Mas, e os cristãos? Não devem estudar música? Por qual motivo? Assim como temos, médicos, advogados, engenheiros, enfermeiros e etc., por que não ter um músico formado? E por qual motivo ele não pode trabalhar na área em que obteve formação?

Quero dizer que os músicos não as únicas pessoas com estes problemas. O que eu quero dizer é:

Um cineasta cristão. Ele ou ela só poderão participar de festivais de filmes cristãos?? E um cara com dom para poesia beat¹? Ele terá de se afastar de saraus em ambientes seculares? E um escritor trabalhando em um romance? Quanto “material cristão” será necessário em seu livro?

O ponto mais importante para questionar (e, às vezes, o mais difícil de responder) é: “Quais são os meus motivos para querer me envolver com a música secular?” A Palavra de Deus é clara: “Portanto, quer comais, quer bebais, ou façais outra qualquer coisa, fazei tudo para glória de Deus” (1 Co 10.31).
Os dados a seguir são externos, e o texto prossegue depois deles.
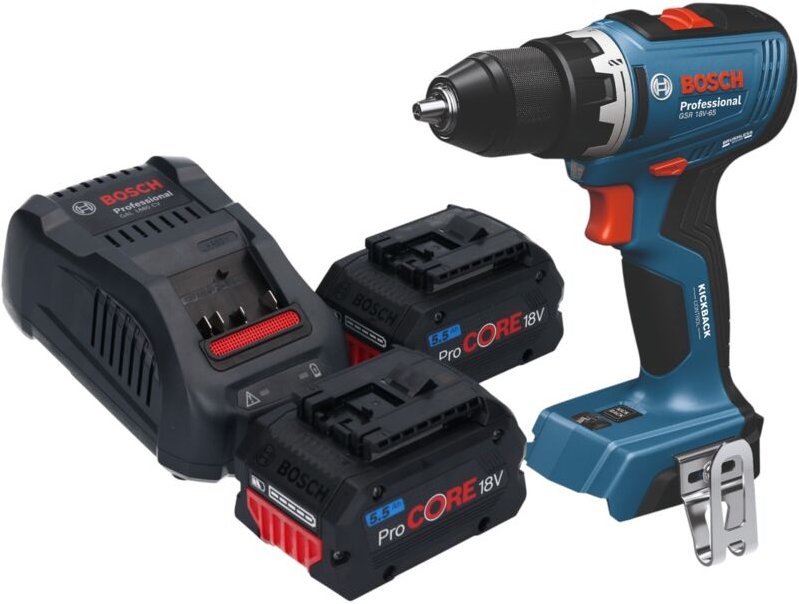 Bosch GSB 18V-65 Professional Akku Schlagbohrschrauber 18 V 65 Nm Brushless + 2x ProCORE Akku 5,5 Ah + Ladegerät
Isso inclui a nossa arte.

Embora eu nunca presuma que os motivos de alguém serão completamente puros, existe uma diferença significativa entre quem vive para tocar nos palcos e quem vive para servir aos outros com seus dons.

Há inúmeros exemplos de canções populares que apresentam valores morais, perspectivas profundas e comentários significativos sobre a vida e que não façam referência direta às Escrituras. 

O mundo precisa ver, em todas as áreas, pessoas que tenham sido genuinamente transformadas pelo Evangelho.

Músicos cristãos inseridos no mercado secular têm a oportunidade de influenciar não-cristãos não apenas com suas músicas, mas com suas vidas. Deus pode ter dado a eles a oportunidade de compartilhar o Evangelho com pessoas que não seriam alcançadas de nenhuma outra maneira.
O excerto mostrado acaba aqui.